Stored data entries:
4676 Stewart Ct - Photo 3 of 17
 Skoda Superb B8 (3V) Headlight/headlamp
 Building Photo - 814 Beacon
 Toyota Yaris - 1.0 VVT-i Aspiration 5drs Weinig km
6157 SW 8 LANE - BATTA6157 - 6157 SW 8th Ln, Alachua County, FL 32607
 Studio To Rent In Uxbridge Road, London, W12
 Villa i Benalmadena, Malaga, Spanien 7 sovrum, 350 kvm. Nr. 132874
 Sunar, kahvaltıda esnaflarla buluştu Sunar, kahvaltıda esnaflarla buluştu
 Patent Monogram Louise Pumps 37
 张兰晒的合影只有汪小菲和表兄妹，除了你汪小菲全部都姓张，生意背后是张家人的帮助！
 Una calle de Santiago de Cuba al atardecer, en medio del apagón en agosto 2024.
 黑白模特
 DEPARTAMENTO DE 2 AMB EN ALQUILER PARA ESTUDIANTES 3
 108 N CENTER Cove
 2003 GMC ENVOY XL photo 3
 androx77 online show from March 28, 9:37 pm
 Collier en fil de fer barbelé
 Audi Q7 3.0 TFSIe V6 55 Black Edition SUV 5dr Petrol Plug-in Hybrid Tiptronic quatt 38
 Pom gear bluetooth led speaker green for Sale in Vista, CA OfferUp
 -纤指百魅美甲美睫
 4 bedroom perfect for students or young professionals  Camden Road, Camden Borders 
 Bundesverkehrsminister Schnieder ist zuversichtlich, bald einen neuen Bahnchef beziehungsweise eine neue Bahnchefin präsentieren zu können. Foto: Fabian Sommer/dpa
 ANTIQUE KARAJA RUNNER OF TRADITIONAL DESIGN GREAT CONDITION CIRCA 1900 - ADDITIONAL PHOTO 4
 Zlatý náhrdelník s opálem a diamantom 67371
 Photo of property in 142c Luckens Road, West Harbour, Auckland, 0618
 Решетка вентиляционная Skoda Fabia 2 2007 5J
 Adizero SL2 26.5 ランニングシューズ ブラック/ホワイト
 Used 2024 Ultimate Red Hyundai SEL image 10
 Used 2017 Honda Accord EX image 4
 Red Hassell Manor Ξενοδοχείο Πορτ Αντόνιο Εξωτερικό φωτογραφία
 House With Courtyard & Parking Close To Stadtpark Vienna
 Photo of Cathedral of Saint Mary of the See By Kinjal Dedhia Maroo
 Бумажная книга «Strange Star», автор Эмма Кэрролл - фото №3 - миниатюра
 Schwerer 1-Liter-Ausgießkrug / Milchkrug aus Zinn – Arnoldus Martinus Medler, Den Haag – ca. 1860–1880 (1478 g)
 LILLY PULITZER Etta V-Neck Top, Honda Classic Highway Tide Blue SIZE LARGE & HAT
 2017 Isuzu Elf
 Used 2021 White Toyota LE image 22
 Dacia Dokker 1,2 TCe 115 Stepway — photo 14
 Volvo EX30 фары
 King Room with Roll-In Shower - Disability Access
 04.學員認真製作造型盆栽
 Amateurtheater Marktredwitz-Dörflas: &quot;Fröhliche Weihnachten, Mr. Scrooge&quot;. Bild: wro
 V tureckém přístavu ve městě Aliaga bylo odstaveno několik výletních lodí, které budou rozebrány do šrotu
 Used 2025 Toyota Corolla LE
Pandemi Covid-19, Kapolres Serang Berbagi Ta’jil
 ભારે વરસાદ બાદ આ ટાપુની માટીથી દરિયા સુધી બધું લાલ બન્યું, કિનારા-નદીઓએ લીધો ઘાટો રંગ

Work instructions |
Please count the lines above that hold the string "image" and reply with the number alone.

Reply to the exercise |
3